Intervention de Nathalie Goulet

Réunion du 1er juin 2021 à 14h30
Modification du règlement du sénat — Adoption d'une proposition de résolution dans le texte de la commission modifié

Photo de Nathalie GouletNathalie Goulet :

Madame la présidente, mes chers collègues, depuis quatorze ans que je siège dans cette maison j’ai régulièrement constaté l’atrophie du débat en séance publique. L’examen du projet de loi de finances tourne même à la caricature : trois minutes pour les rapporteurs, deux minutes par-ci, deux minutes par-là… Ce débat, absolument ridicule, ne rime à rien au regard du travail réalisé par nos rapporteurs au sein de la commission des finances et de ce qu’il en reste en séance publique. Nous n’arrivons pas à le rationaliser ni à le rendre efficace.

En ce qui concerne la question des deux minutes trente, il ne faut pas confondre le débat en commission et celui en séance publique. Le public n’est pas le même, monsieur le président de la commission des lois : la séance publique s’adresse à ceux de nos collègues qui n’appartiennent pas à la commission saisie au fond et qui ont envie de s’exprimer sur le texte concerné. La réduction de leur temps de parole n’est donc pas compensée par celui des membres de la commission saisie au fond. Cette légère inflexion de la réflexion ne me semble pas très logique.

Le pouvoir de contrôle devrait être l’ADN du Parlement. Je soutiens qu’il faut augmenter le droit de tirage pour les commissions d’enquête et les missions d’information. Il s’agit du cœur de notre métier, et nous le faisons très bien. Las, cet excellent travail est immédiatement enterré une fois les commissions terminées. Et quand le sujet rejaillit quelques années plus tard, tout le monde a oublié que le Sénat avait travaillé sur cette question. Je pense notamment aux deux commissions d’enquête demandées par le groupe communiste républicain citoyen et écologiste sur la fraude fiscale : nous n’avons jamais pu obtenir de suivi, alors qu’il s’agit d’un vrai sujet. Il a fallu se battre pour la mise en place d’un groupe de travail au sein de la commission des finances, mais l’instauration d’une délégation dédiée permettrait de mettre en valeur la modernité du Sénat autrement qu’un temps de parole réduit.

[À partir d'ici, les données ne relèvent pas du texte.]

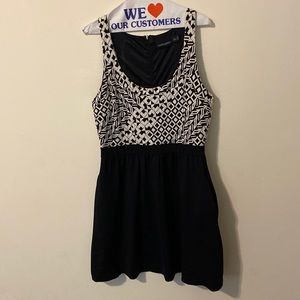 Cynthia Rowley Black/White pattern Stretch Sleeveless Dress Size L Pockets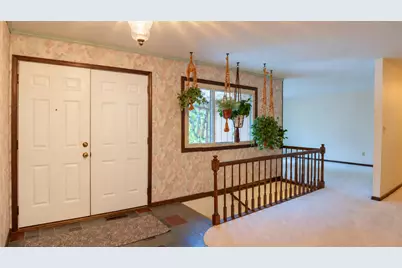 2633 N Stuyvesant Lane, La Porte, IN 46350 - Photo 4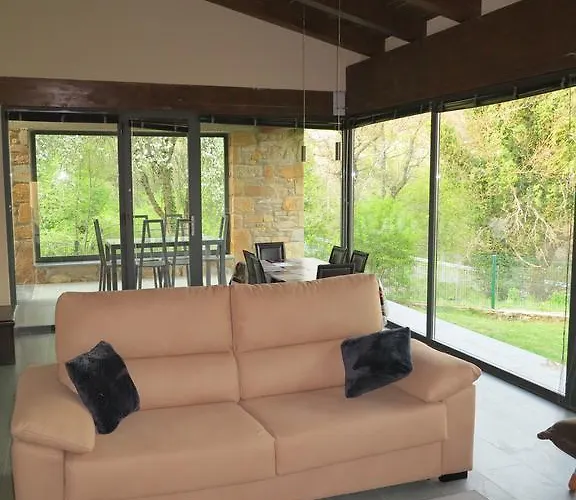 Alojamientos Marel Sanabria *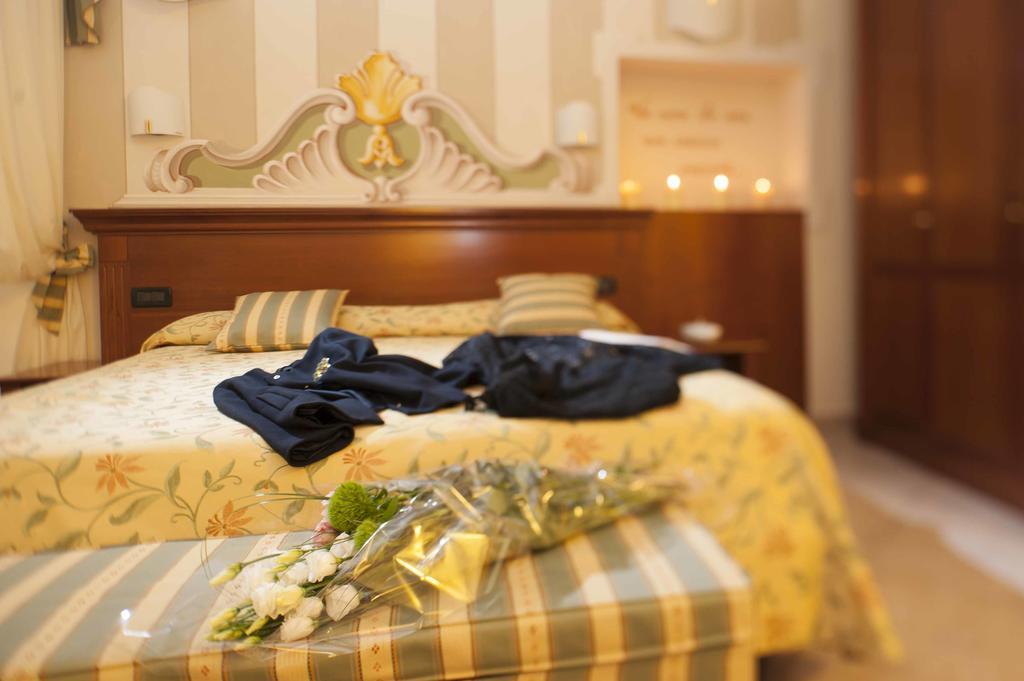 Hotel Astigiana&Appartamenti Varazze Buitenkant foto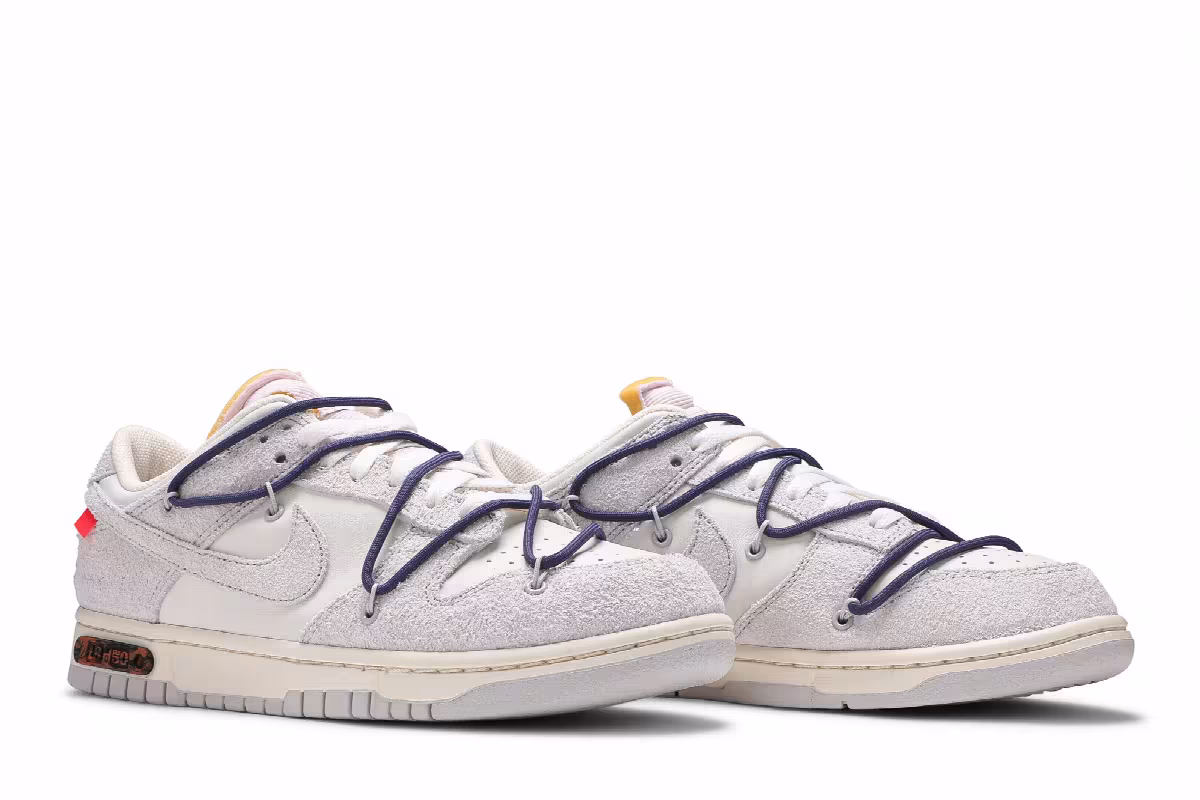 Off-White x Nike Dunk Low Lot 18 of 50, view 9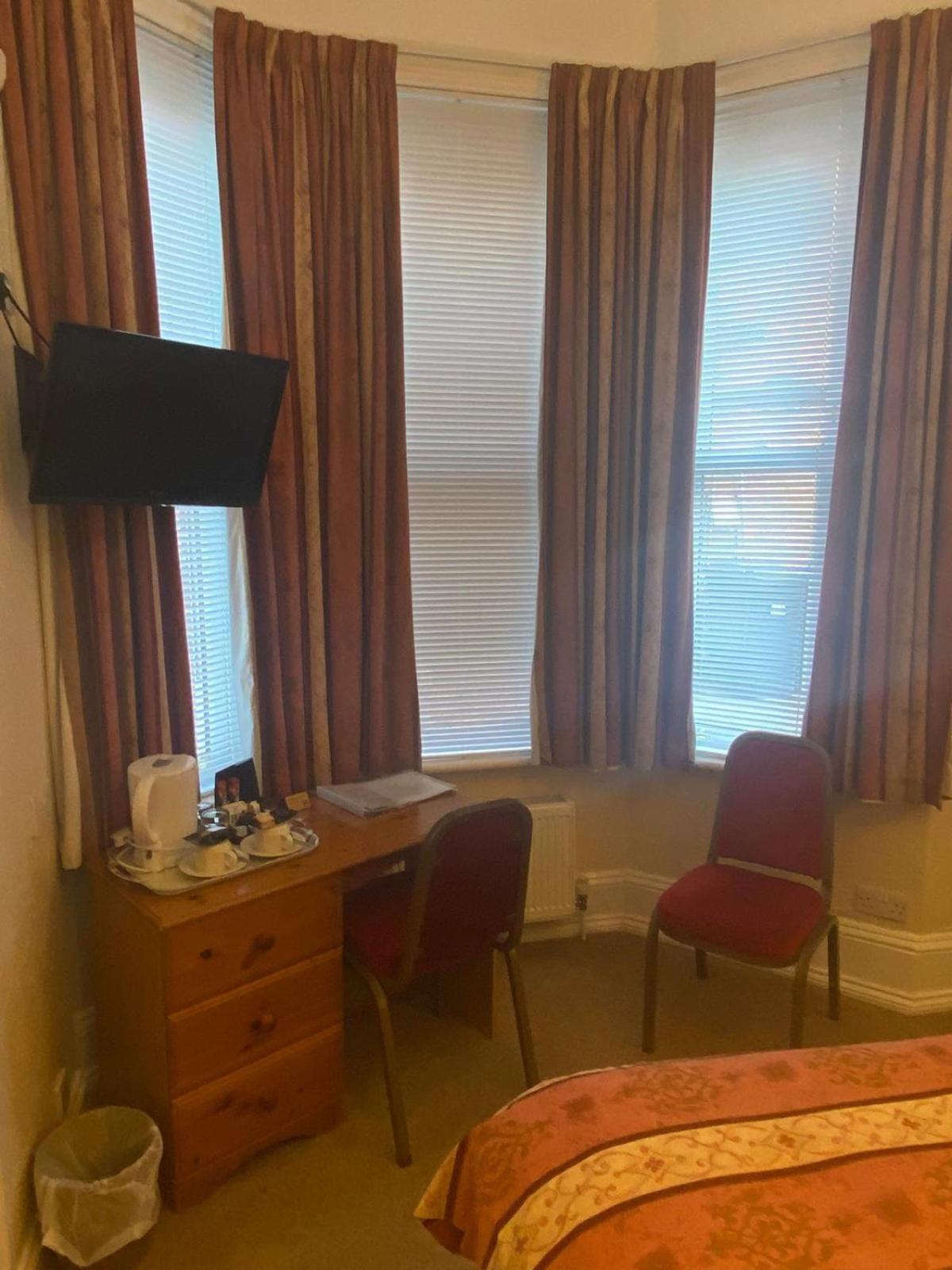 Landguard Lodge Guest House Shipley  객실 사진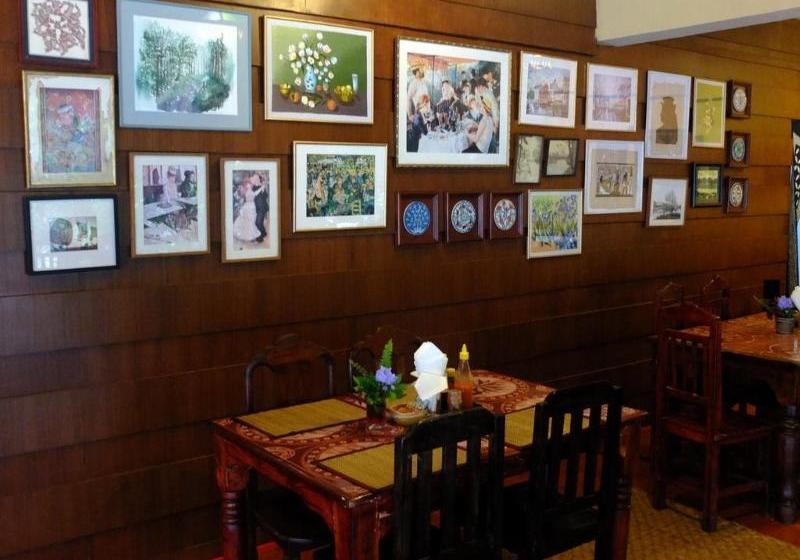 호텔 Baan Tawan Guesthouse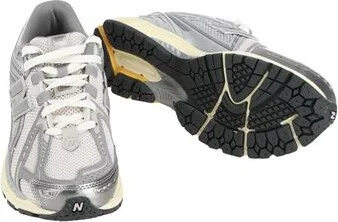 New Balance 1906 Woman Sneakers - Image 2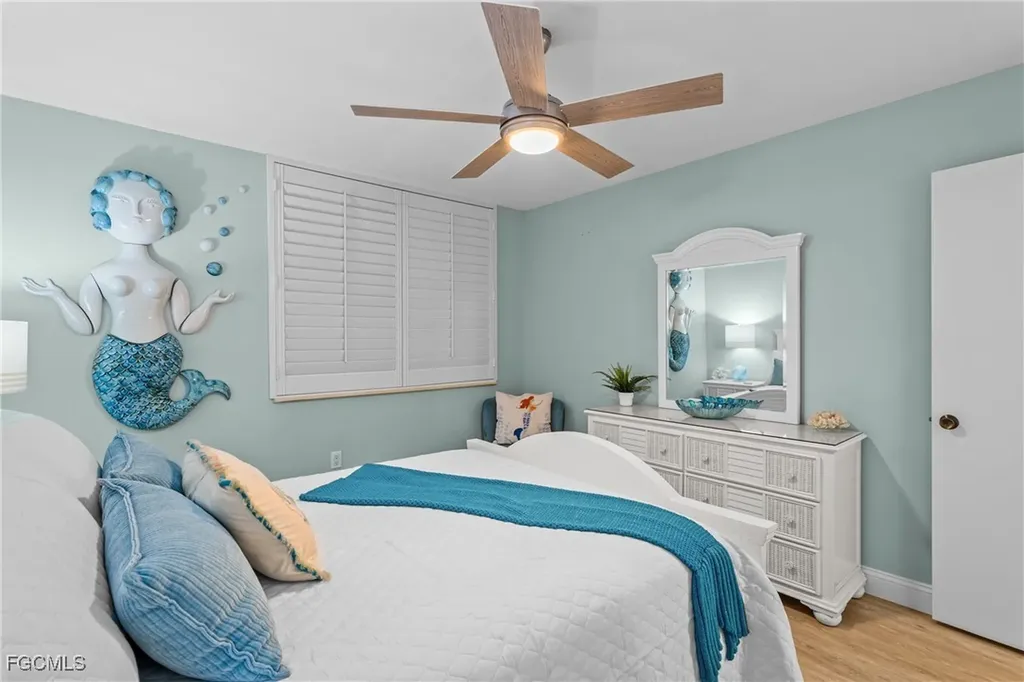 9415 Gulf Shore Drive Naples FL 34108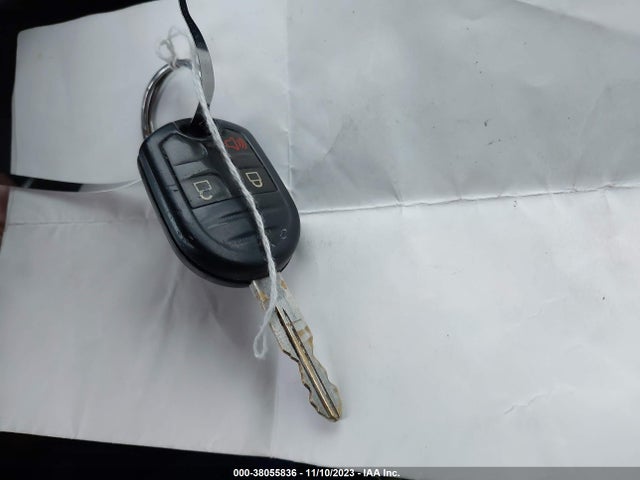 2011 FORD EDGE SE VIN: 2FMDK3GC2BBB13653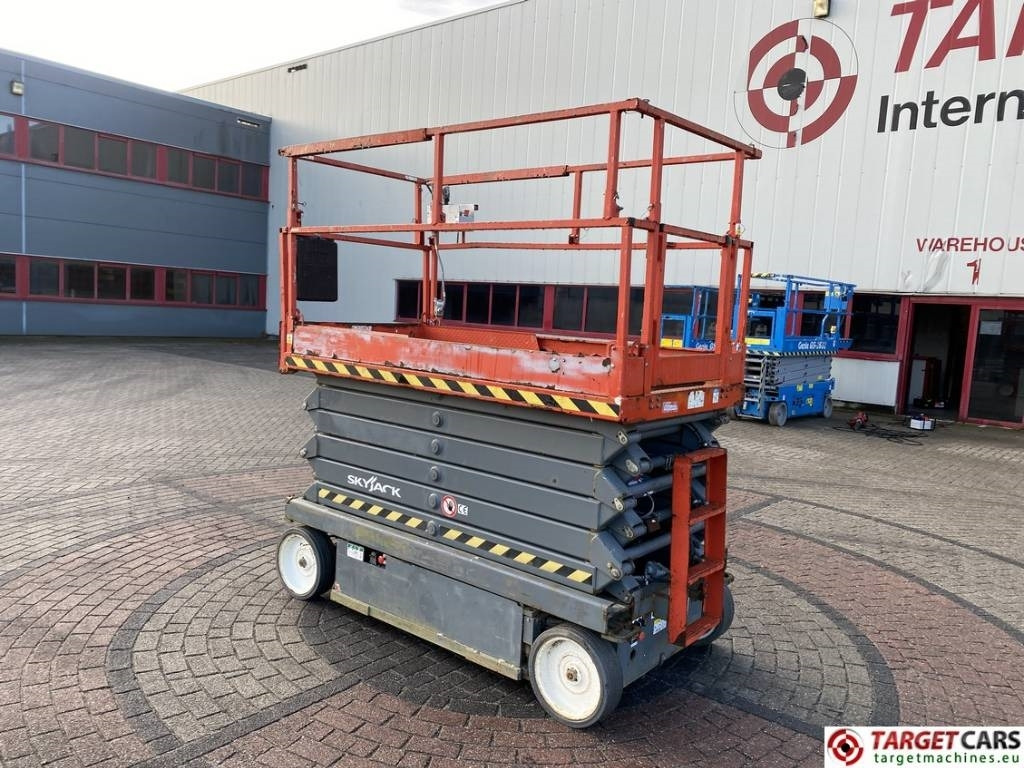 SkyJack SJIII-4740 Electric Scissor 4740 Work Lift 1380cm - Scissor lift: picture 4 SkyJack SJIII-4740 Electric Scissor 4740 Work Lift 1380cm - Scissor lift: picture 4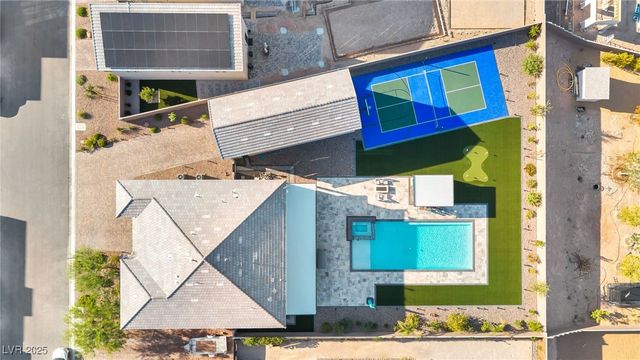 8528 Baltimore Heights Court, Las Vegas, NV 89113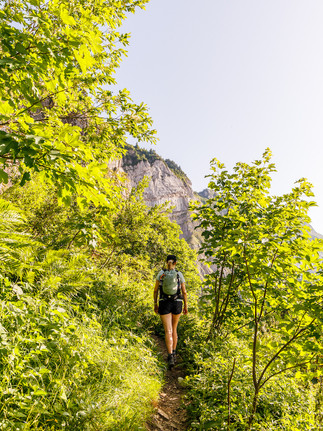 Erst langsam durch den Wald, dann immer steiler geht es zum Mittaggüpfi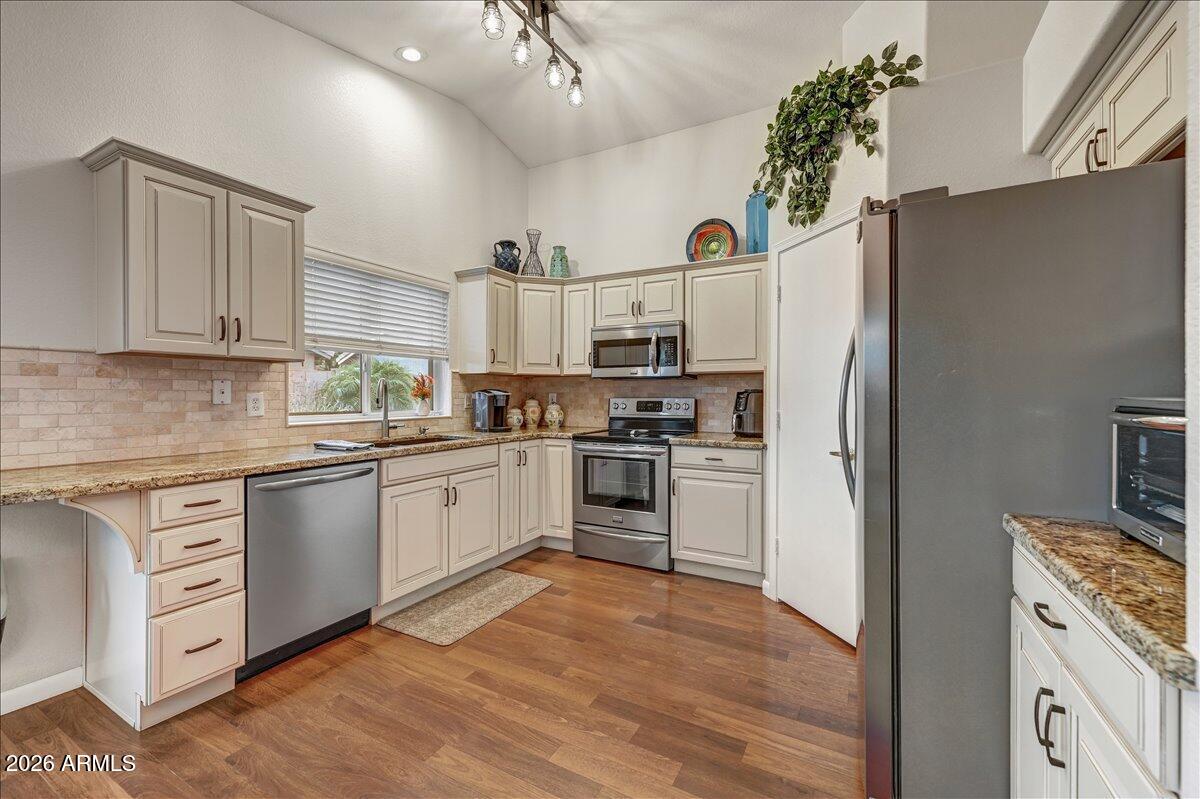 16036 N 11TH Avenue 1100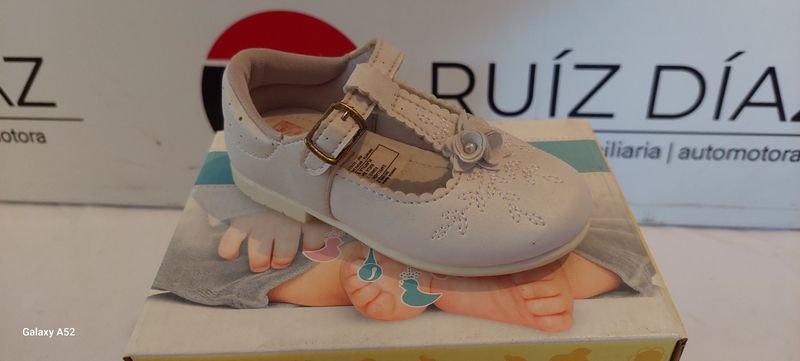 Calzado Talle 21 - Ropa y Accesorios - imagen 3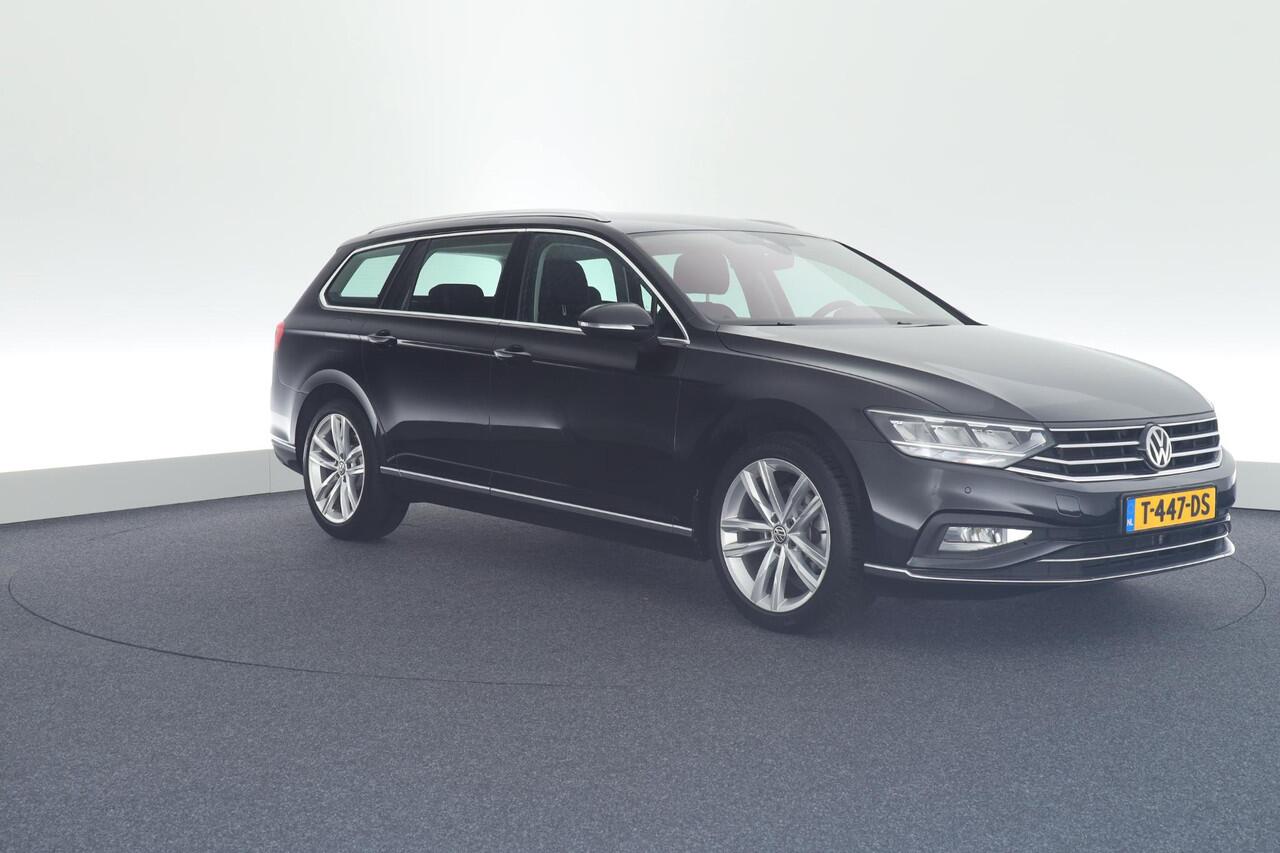 Volkswagen PASSAT Variant 1.5 TSI 150pk DSG Business Camera Stoelverwarming Navigatie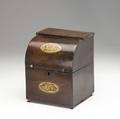 Liquor bottle set mahogany storage box inlaid with shell design 10 x 7 12 x 7 12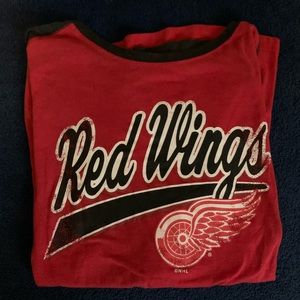 Long sleeve red wings t shirt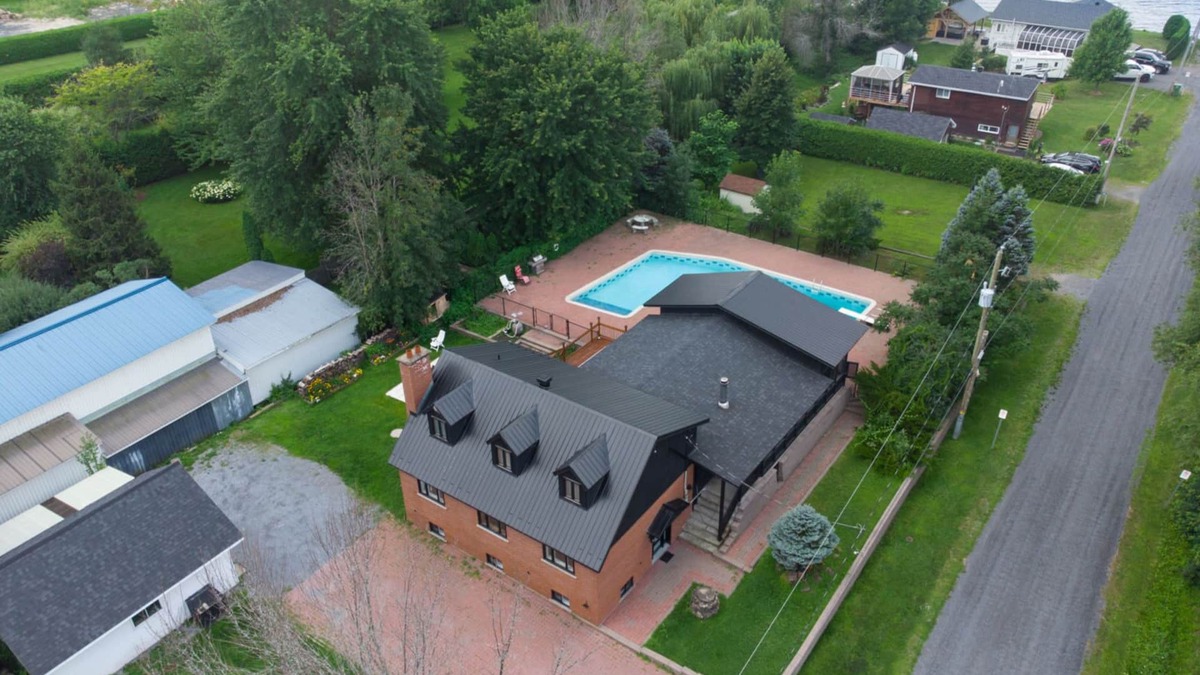Noyan House | Le Noyan un Paradis - Heated swimming pool open April 26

On montrerait alors l’exemple à l’Assemblée nationale sur un sujet éminemment citoyen et éminemment important, surtout en cette période de crise.

Par ailleurs, certaines de nos commissions d’enquête ont été absolument formidables. Je pense notamment à celles sur le Mediator et sur le Vioxx : chaque fois que nous avons un débat sur la sécurité sanitaire, on en revient aux préconisations retenues par ces deux commissions d’enquête.

Il me semble préférable de réfléchir au suivi de nos travaux plutôt que de les enterrer. Cela pourrait sans doute profiter à beaucoup d’autres commissions d’enquête. C’est à la mise en place d’un tel dispositif qu’il faut tendre.

Il faut être deux pour danser le tango : l’ordre du jour partagé, qui ressemblait à une très bonne idée sur le papier en 2008, devient un problème totalement inextricable quand on l’applique de façon rigoureuse. Cet ordre du jour saucissonne nos débats jusqu’à les rendre parfois complètement inintelligibles : des discussions très importantes sont interrompues par des débats de contrôle ou d’initiative parlementaire, faute de souplesse.

La réflexion sur la modernisation de notre travail doit se poursuivre, mais pas au détriment de la séance publique, ni des groupes minoritaires ni des parlementaires minoritaires au sein de leur groupe, lesquels sont alors deux fois minoritaires !

J’attendrai le sort qui sera fait à mes amendements pour me prononcer sur la proposition de résolution.